Mentre David Stern diceva questo, Hornets e Lakers si erano già accordate, e quella tredicesima scelta avrebbe vestito gialloviola nella seguente stagione, mentre in North Carolina volava Vlade Divac, considerato che i losangelini erano in procinto di firmare Shaquille O’Neal e a Charlotte serviva disperatamente un centro vista la partenza di Alonzo Mourning in direzione Florida.

Kobe Bean Bryant, il nome completo del giovane draftato, è figlio di un ex professionista in NBA e in Europa, tale Joe Bryant. Nato a Philadelphia nel 1978 mentre il padre era in forza ai Sixers, ha vissuto parte dell’infanzia in Italia, più precisamente tra Rieti, Reggio Calabria, Pistoia e Reggio Emilia, dove il padre ha giocato durante i suoi 7 anni di professionismo nel Bel Paese. A 13 anni ritorna negli USA e comincia a frequentare la Lower Merion. Ecco, la Lower Merion. Si tratta di un ottimo liceo, famoso più che altro per la sua squadra di football, dalla quale, già ai tempi del Bryant studente, erano usciti diversi giocatori NFL. Per quanto riguarda invece cestisti NBA, l’unico da annoverare è Jim Brogan, ma se questo nome non vi dice nulla non preoccupatevi.

Kobe, che ha preso buona parte del talento del padre, porta la squadra a sfiorare più volte il titolo nazionale. È un giocatore straordinariamente atletico, dotato di un buon tiro dalla media e dalla lunga distanza, forse troppo innamorato della palla, ma su questo aspetto ci soffermeremo più avanti.

Nel suo anno da senior il figlio di Joe decide di vincere. Decide è il termine giusto, perché in quella stagione si caricherà la squadra sulle spalle trascinandola ad un clamoroso 31-3, di cui 30 vittorie consecutive, riportando il titolo nazionale alla Merion dopo 53 anni.

Kobe Bryant si sente il re del mondo. Kobe Bryant non ha bisogno del College. Kobe Bryant è sicuro di sé. Kobe Bryant si rende eleggibile per il Draft NBA 1996.

E rieccoci a Los Angeles, con un 18enne spaccone ed ambizioso in una squadra dove il leader è appena arrivato. Ma non è lui.

L’anno da rookie è più o meno uguale per tutti. Se non ti trovi in una squadra in ricostruzione e disastrata o hai davanti qualche giocatore da qualche anno nella Lega, giochi poco. Ed in posizione di guardia ai Lakers c’erano un certo Byron Scott (nel ruolo cestistico più adatto a lui, il giocatore) ed un certo Eddie Jones.

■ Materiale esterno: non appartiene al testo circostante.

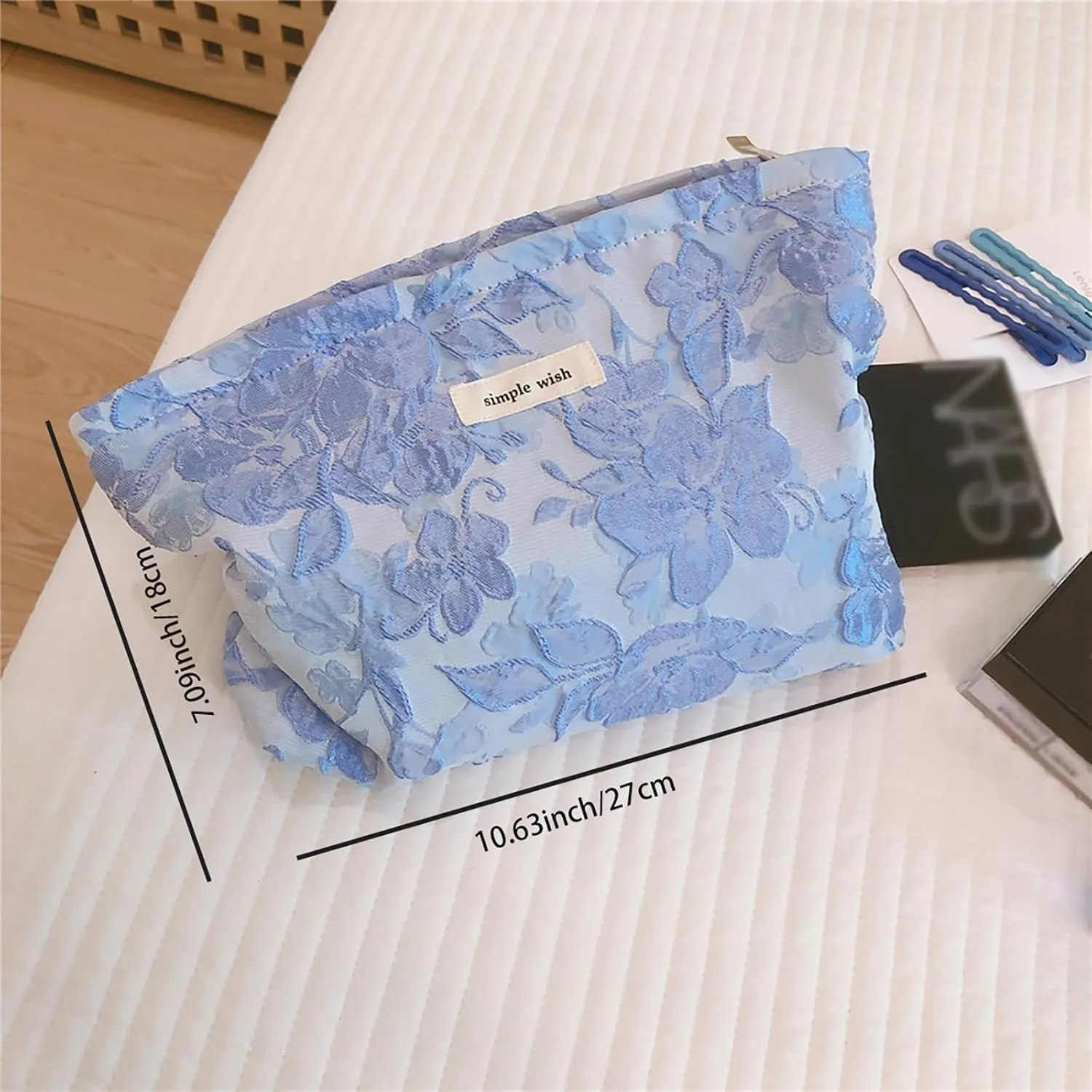 Floral Makeup Bag,Stylish Cosmetic Bags for Women and Girls, Beauty Zipper Pouches for Travel Versatile (bule)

Ma Kobe cresce e non potrebbe essere altrimenti considerato l’ambiente che lo circonda, meritandosi anche il rispetto del allora coach dei Lakers, Del Harris. Il suo gioco spettacolare incanta tutti. Un ragazzino di 18 anni se la stava cavando in una lega di assoluti mostri. Stava prendendo sempre più spazio nei Los Angeles Lakers, la franchigia che aveva dato vita alla leggenda di Magic Johnson, che aveva vinto 11 titoli, la seconda più vincente della Lega. Un sogno.

Ma anche i sogni non sono perfetti. Bryant è coperto di critiche da tutti per il suo egoismo in campo, proprio come succedeva ai tempi del liceo. Ma se alla Lower Merion a lamentarsi erano qualche adolescente brufoloso e suo padre, in NBA essere bollato come egoista ti porta contro compagni e stampa, a discapito della fiducia.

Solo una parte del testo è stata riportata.